The Gothic writers also were important because they incorporated the public’s uncertain reactions against the dehumanizing effects of the expansion of nineteenth-century industrialization and the rise of the power of machines and mechanistic processes. Poe and the “Romantic” period writers felt this mechanistic view detracted from natural human tendencies, such as emotion, reason, and creativity. These writers criticized rational and empirical scientists as being detached from emotion and artistic creativity. They also blurred the boundaries between scientific disciplines; and between science and pseudo-science. Poe was inspired by several of their approaches and established Gothic tones of uncertainty and terror in several of his science fiction narratives. He also extended Gothic themes and created new forms of fiction that he based on his reactions to the themes of Industrial Age science. The next series of columns will explore Poe’s Gothic and other styles of fiction which expressed his interest and views of nineteenth-century science.


Selected Sources

Gewirtz, Isaac. Edgar Allan Poe: Terror of the Soul, Ed. New York: New York Public Library, 2013.

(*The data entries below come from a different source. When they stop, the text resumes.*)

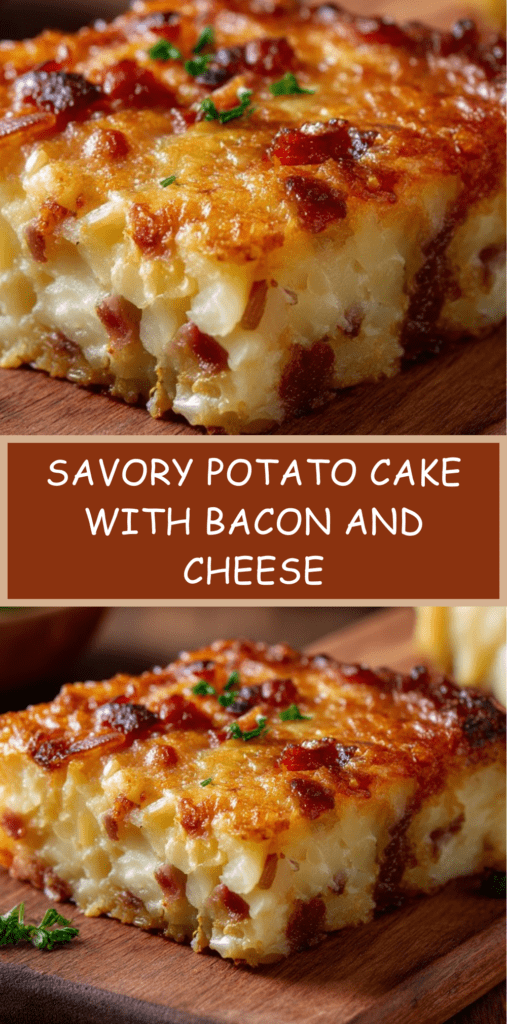 Savory potato cake with bacon and melted cheese, golden brown on top and sliced into rustic portions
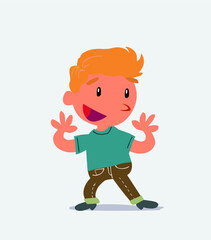 Pleasantly surprised cartoon character of little boy on jeans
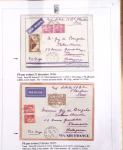 Ensemble de 69 premiers vols et lettres par avion sur les liaisons postales aériennes de Madagascar (1935 - 1947) avec les vols intérieurs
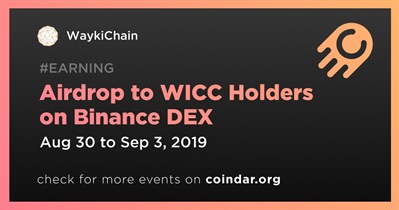 Airdrop sa WICC Holders sa Binance DEX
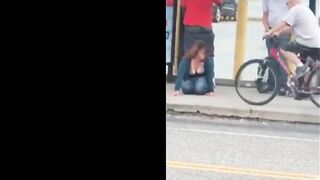 Husband catches his wife cheating at the bus stop after sex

Tresch, John. “The Potent Magic of Verisimilitude: Edgar Allan Poe and the Mechanical Age.” The British Journal of Science 3.3 (1997): 275-90. Web. 15 Mar. 2014

Willis, Martin. Mesmerists, Monsters, and Machines: Science Fiction and the Cultures of Science in the Nineteenth Century. Kent, OH: Kent State University Press, 2006.

Thomas, Dwight and David Jackson, Ed. The Poe Log- A Documentary Life of Edgar Allan Poe 1809-1849. Boston: G.B. Hall and Company, 1987.